Exercise: Once you reach the line that contains "Chain 1pkg1 silver-plated", retype it and every line after it exactly, ending with the last line of the entries.

★ ★ ★

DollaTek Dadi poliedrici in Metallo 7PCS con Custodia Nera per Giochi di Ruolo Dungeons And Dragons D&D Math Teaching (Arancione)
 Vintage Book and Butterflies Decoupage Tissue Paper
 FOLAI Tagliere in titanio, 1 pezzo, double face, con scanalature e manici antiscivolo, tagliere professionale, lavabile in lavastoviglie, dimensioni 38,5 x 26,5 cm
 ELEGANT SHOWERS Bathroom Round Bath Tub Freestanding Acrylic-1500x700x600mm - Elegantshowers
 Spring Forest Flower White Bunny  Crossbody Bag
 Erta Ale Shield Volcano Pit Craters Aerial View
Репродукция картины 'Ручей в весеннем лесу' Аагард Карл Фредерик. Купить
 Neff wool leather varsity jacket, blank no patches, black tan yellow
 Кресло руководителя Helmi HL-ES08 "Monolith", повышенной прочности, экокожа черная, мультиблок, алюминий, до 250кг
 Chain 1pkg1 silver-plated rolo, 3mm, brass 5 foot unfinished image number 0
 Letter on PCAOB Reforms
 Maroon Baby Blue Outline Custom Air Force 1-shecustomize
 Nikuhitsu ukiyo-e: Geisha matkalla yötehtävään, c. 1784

★ ★ ★

Answer to this problem:
 Chain 1pkg1 silver-plated rolo, 3mm, brass 5 foot unfinished image number 0
 Letter on PCAOB Reforms
 Maroon Baby Blue Outline Custom Air Force 1-shecustomize
 Nikuhitsu ukiyo-e: Geisha matkalla yötehtävään, c. 1784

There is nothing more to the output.